ISRAEL- PALESTINE.– On 19 May, a military judge confirmed a four-month administrative detention order for Palestinian academic Ahmad Qatamesh.
Generally, administrative detention orders are subject to review by a military judge within eight days. In Ahmad Qatamesh’s case, the judge did not issue her decision to confirm the order until 19 May when she reduced the length from six to four months.
The judge acknowledged that the original order of 3 May had contained factual errors and had been produced for another detainee and adapted for use in Ahmad Qatamesh’s case. Regardless, she concluded that the ISA’s secret evidence against him justified his detention for security reasons.
Neither Ahmad Qatamesh nor his lawyer is permitted to see the “evidence” against him.
He was arrested on 21 April at 2am at the house where he was staying in al-Bireh, in Ramallah. The security forces had first gone to his family’s home to arrest him. When they did not find him there they broke down the door of the neighbor’s house to search for him. According to his daughter, the security forces ordered her at gunpoint to telephone Qatamesh. Ahmad Qatamesh then gave the security forces directions to the house where he was staying so they could arrest him.
Ahmad Qatamesh is an academic and writer who has previously criticized both the Israeli authorities and the Palestinian Authority. Ahmad was arrested and claimed to have been tortured by the IDF in 1992. He was held for a year before being placed under administrative detention after a judge had ordered his release on bail. He was eventually released on 15 April 1998.
Administrative detention is an Israeli procedure under which detainees are held without charge or trial for periods of up to six months which are renewable indefinitely. No criminal charges are filed against administrative detainees and there is no intention of bringing them to trial.
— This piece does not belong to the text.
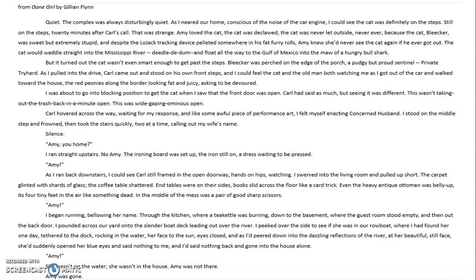"I peeked over the side to see if she was in our rowboat, where I had found her one day, tethered to the dock, rocking in the water, her face to the sun, eyes closed. And as I peered down into the dazzling reflections of the river, at her beautiful, still face, she'd suddenly opened her blue eyes and said nothing to me. And I'd said nothing back and gone into the house alone. Amy? She wasn't on the water. She wasn't in the house. Amy was not there. Amy was gone."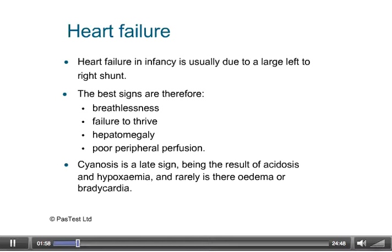Conditions such as hypoplastic heart can be picked up, as well as other large structural defects. This has had an effect on the incidence of life-threatening conditions, in that termination of pregnancy is offered, and there is a decreasing incidence owing to this antenatal detection. It's important to note the signs and symptoms of heart failure, realising that failure to thrive may be a feature, as well as excessive weight gain, particularly in the neonatal period.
The detainees are held on the basis of “secret evidence” which the Israeli military authorities claim cannot be revealed for security reasons. The “secret evidence” is not made available to detainees or their lawyers, and detainees cannot challenge the reasons for their detention.
The Israeli authorities have used administrative detention against thousands of Palestinians for the past several decades, though the number of administrative detainees has decreased slightly over the last three years.
Amnesty International is concerned that he may be detained solely because of his peaceful expression of his political views.